* _What the exercise asks_:
From the listing below, set down exactly each line beginning with the one containing "Lit de sol Montessori" and ending with the last.

* _Dataset excerpts_:
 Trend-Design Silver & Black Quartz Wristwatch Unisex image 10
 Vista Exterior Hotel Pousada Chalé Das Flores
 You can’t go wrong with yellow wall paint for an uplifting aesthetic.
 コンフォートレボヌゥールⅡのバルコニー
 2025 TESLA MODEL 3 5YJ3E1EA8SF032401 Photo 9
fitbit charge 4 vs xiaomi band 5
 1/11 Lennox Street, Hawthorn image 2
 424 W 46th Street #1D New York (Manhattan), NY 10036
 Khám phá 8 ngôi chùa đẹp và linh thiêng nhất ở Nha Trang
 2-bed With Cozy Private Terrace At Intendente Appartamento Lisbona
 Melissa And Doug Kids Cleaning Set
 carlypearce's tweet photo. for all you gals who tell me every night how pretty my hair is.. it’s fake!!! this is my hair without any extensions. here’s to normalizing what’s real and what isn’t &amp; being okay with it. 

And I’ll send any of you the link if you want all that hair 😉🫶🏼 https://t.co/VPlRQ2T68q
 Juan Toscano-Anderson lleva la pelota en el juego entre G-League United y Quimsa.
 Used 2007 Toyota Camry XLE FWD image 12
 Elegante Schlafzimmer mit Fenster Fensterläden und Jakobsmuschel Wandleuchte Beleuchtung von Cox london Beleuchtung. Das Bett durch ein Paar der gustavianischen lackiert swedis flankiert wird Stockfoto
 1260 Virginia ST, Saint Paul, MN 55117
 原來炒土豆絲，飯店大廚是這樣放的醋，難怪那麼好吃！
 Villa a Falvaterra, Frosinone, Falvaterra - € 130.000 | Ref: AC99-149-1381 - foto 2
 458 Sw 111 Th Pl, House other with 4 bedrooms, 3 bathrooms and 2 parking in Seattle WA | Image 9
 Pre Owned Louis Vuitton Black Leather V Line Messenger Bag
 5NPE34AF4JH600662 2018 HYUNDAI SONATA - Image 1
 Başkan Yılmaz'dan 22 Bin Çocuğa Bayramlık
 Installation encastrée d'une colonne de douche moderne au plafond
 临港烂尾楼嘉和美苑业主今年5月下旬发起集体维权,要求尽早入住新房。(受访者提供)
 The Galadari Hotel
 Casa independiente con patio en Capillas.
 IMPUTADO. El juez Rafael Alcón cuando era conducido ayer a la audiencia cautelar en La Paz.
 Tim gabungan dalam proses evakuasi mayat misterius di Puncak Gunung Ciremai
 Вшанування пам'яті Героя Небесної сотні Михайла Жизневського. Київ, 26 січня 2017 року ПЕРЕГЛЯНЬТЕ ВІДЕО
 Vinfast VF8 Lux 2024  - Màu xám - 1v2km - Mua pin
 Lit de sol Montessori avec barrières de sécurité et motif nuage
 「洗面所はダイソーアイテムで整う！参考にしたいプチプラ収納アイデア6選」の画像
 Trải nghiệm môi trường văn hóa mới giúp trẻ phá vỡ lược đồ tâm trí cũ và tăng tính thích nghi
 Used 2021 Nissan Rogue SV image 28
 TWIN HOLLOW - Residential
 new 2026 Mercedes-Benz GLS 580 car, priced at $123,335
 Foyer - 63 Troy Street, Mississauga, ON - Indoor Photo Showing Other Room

* _Solution to this task_:
 Lit de sol Montessori avec barrières de sécurité et motif nuage
 「洗面所はダイソーアイテムで整う！参考にしたいプチプラ収納アイデア6選」の画像
 Trải nghiệm môi trường văn hóa mới giúp trẻ phá vỡ lược đồ tâm trí cũ và tăng tính thích nghi
 Used 2021 Nissan Rogue SV image 28
 TWIN HOLLOW - Residential
 new 2026 Mercedes-Benz GLS 580 car, priced at $123,335
 Foyer - 63 Troy Street, Mississauga, ON - Indoor Photo Showing Other Room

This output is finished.